▶ _Problem description_
Using the listing below, give again exactly the lines from the line with "Opel Astra V 1.6 CDTI 120 Lat S&S - 29" to the line with "Edifier H650 On-Ear Headphones (Pink)", inclusive, without the pictures.

● ● ● ● ● ● ●

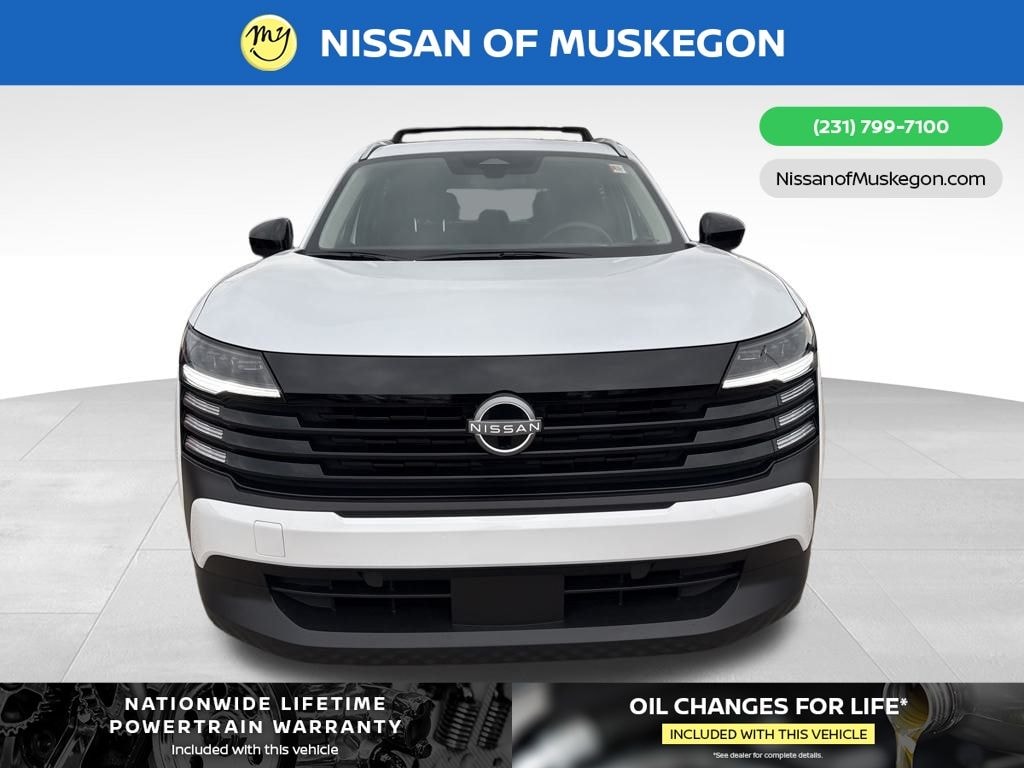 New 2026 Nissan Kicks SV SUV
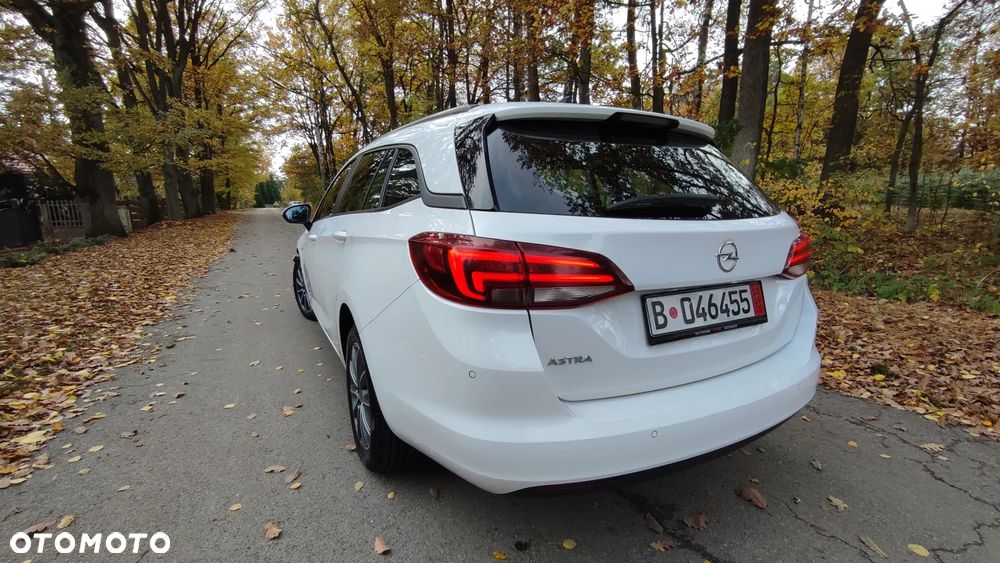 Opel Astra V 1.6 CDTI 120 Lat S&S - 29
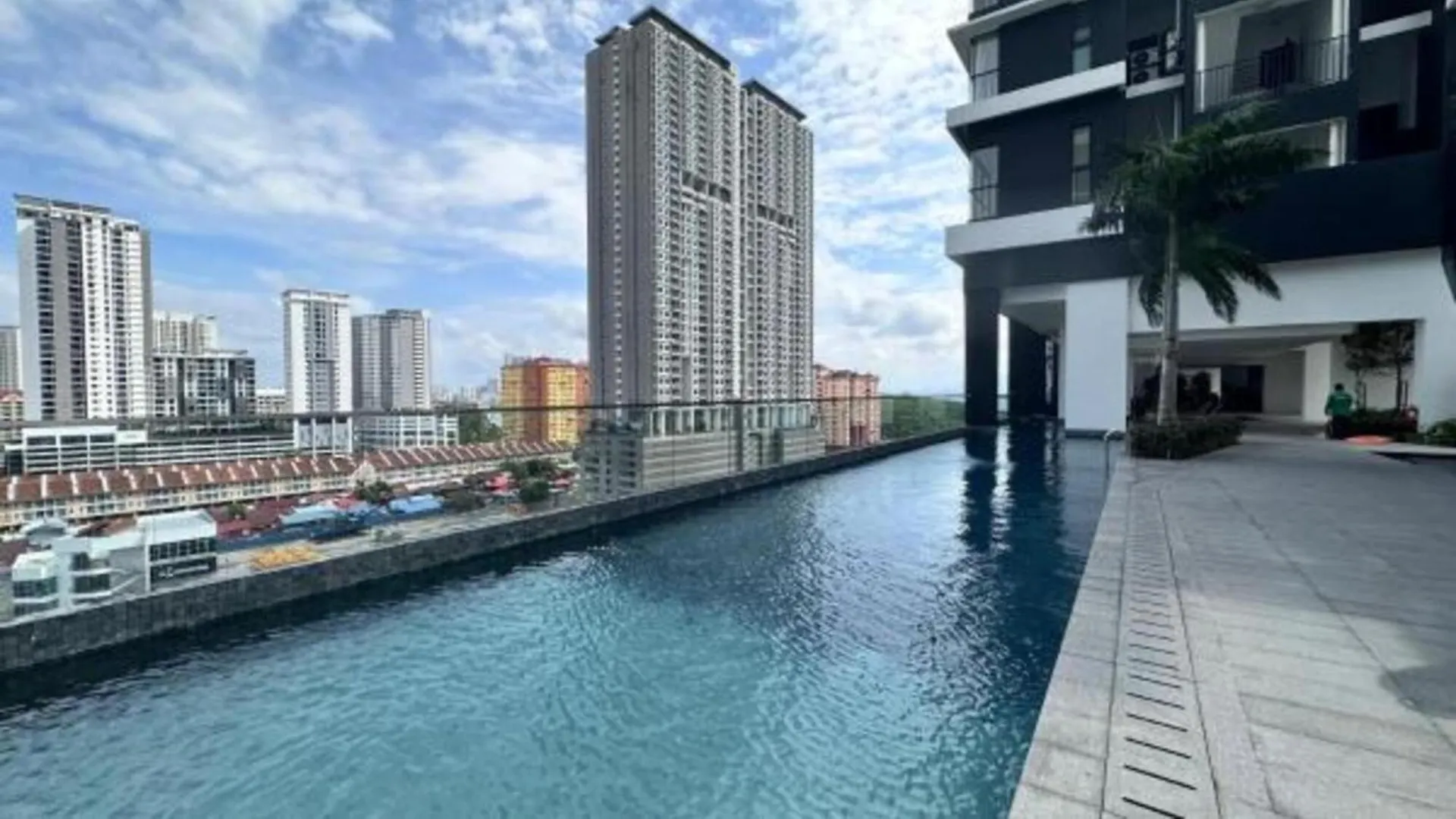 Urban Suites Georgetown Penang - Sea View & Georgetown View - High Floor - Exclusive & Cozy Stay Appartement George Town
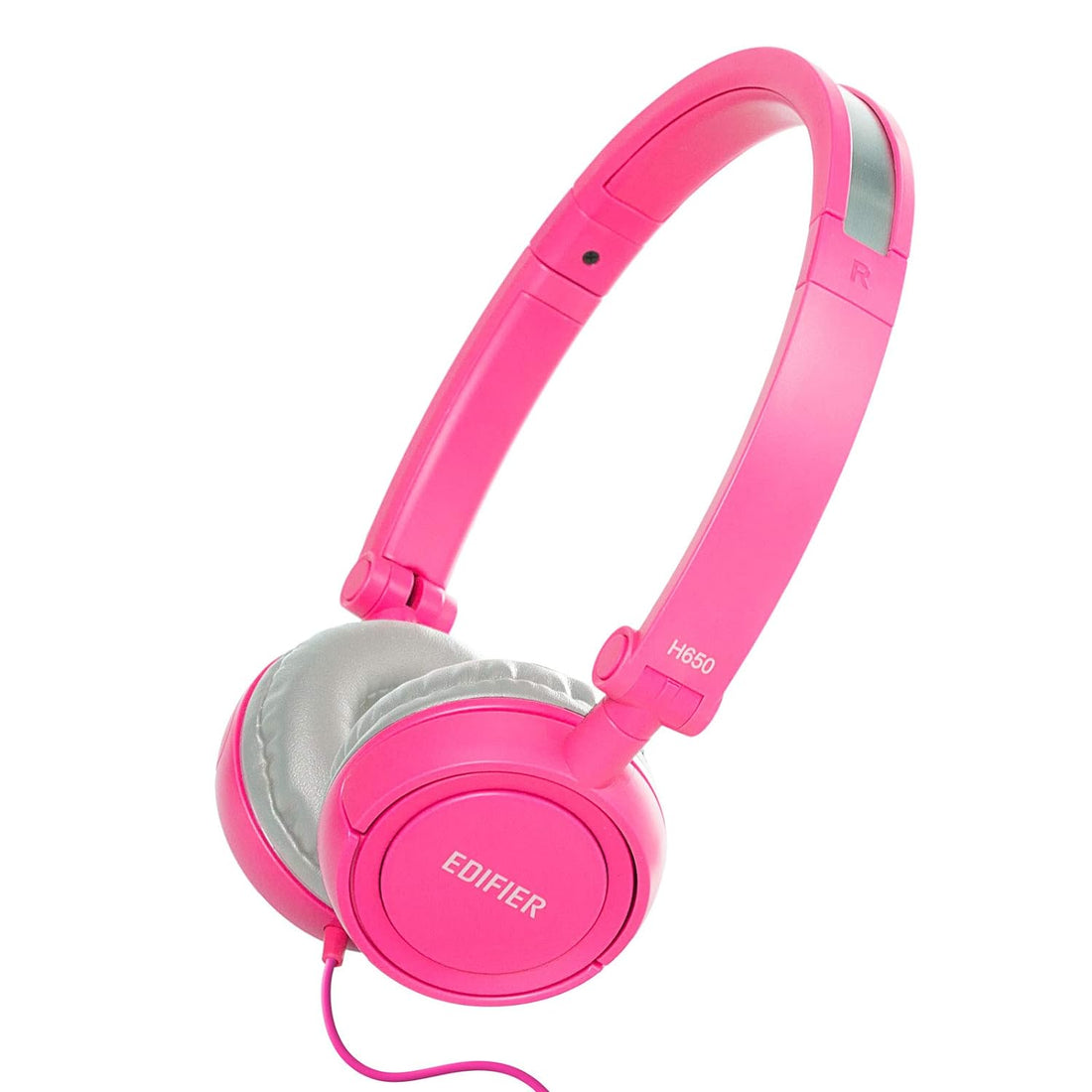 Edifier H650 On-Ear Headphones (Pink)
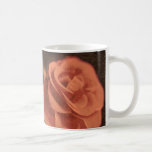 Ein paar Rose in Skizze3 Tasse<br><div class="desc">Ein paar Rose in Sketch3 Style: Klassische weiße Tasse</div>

● ● ● ● ● ● ●

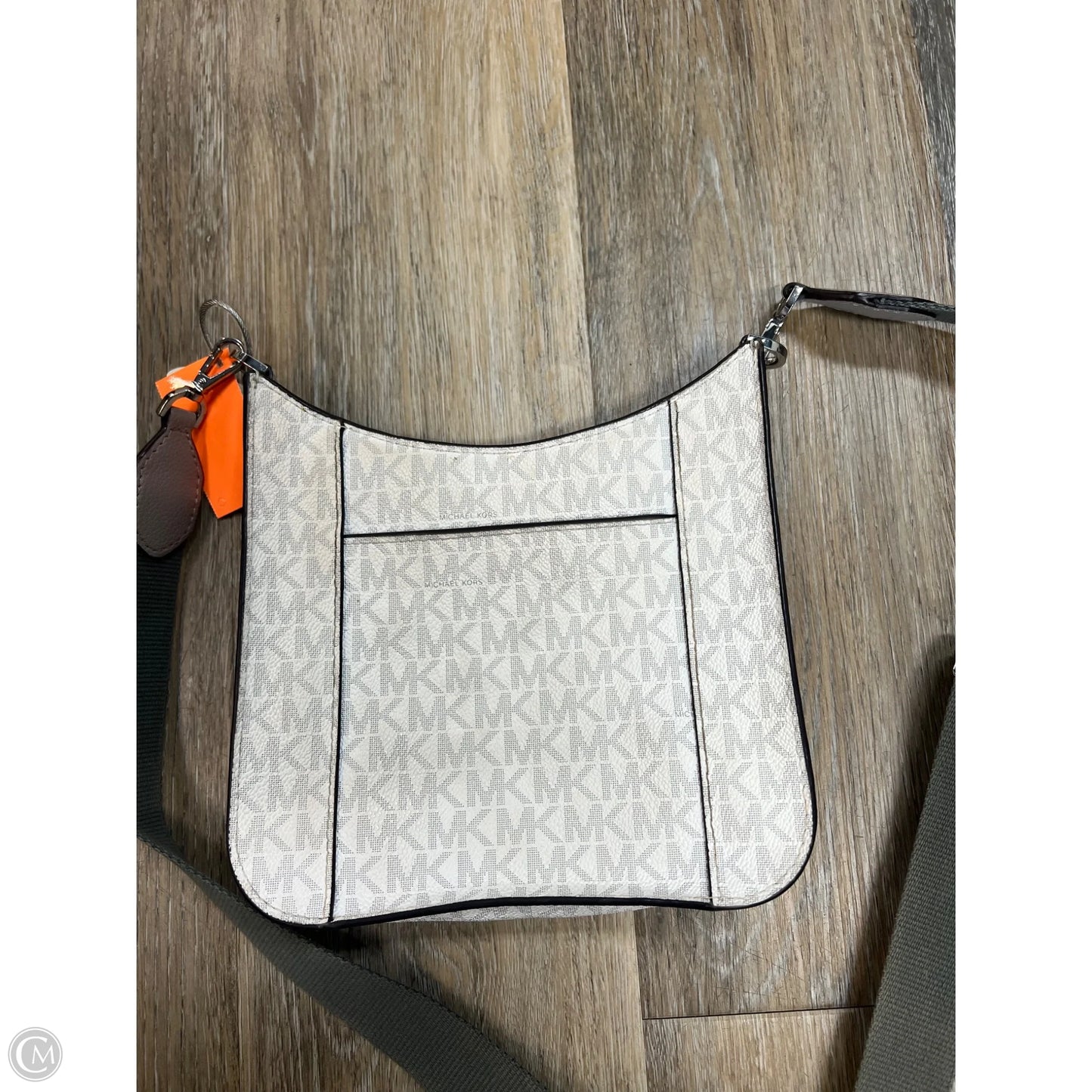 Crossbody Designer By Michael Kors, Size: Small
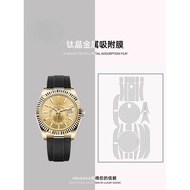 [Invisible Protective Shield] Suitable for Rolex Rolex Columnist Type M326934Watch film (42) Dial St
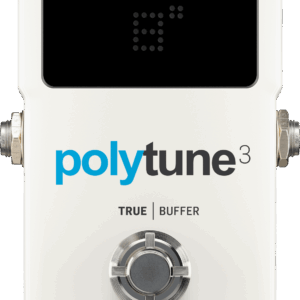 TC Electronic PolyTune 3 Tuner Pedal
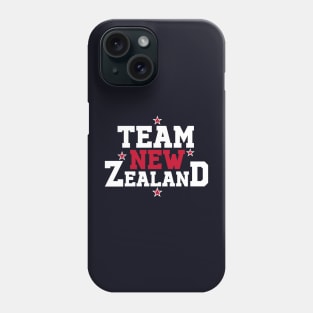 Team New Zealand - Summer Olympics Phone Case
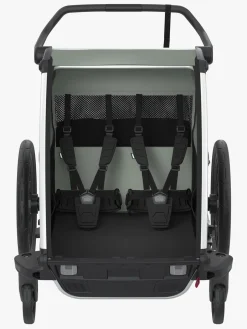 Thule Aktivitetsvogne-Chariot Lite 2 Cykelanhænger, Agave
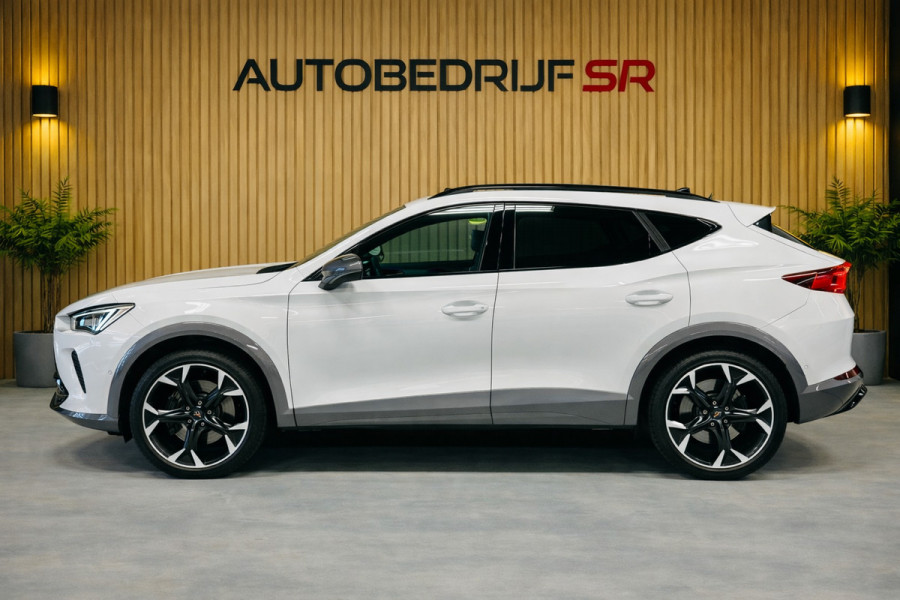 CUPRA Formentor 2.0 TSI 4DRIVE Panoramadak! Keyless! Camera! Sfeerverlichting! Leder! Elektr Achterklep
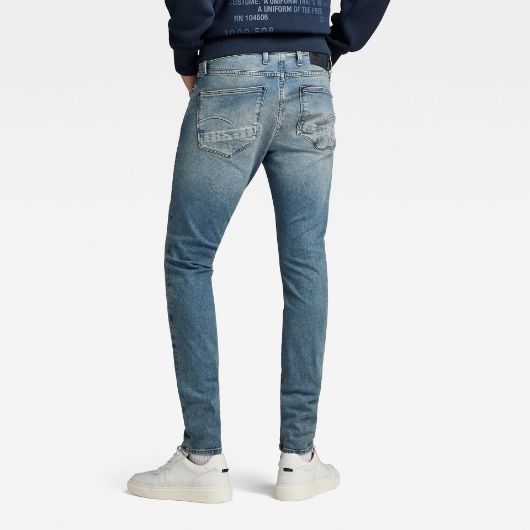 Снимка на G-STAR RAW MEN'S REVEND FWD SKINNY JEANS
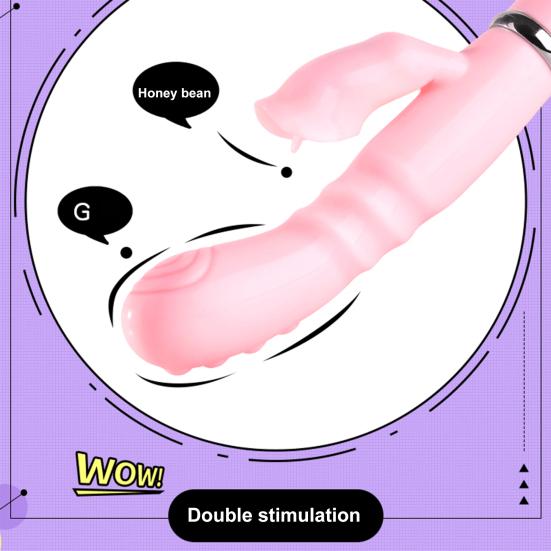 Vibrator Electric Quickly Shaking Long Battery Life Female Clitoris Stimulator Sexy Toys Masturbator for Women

● ● ● ● ● ● ●

▶ _Response box_
 Opel Astra V 1.6 CDTI 120 Lat S&S - 29
 Urban Suites Georgetown Penang - Sea View & Georgetown View - High Floor - Exclusive & Cozy Stay Appartement George Town
 Edifier H650 On-Ear Headphones (Pink)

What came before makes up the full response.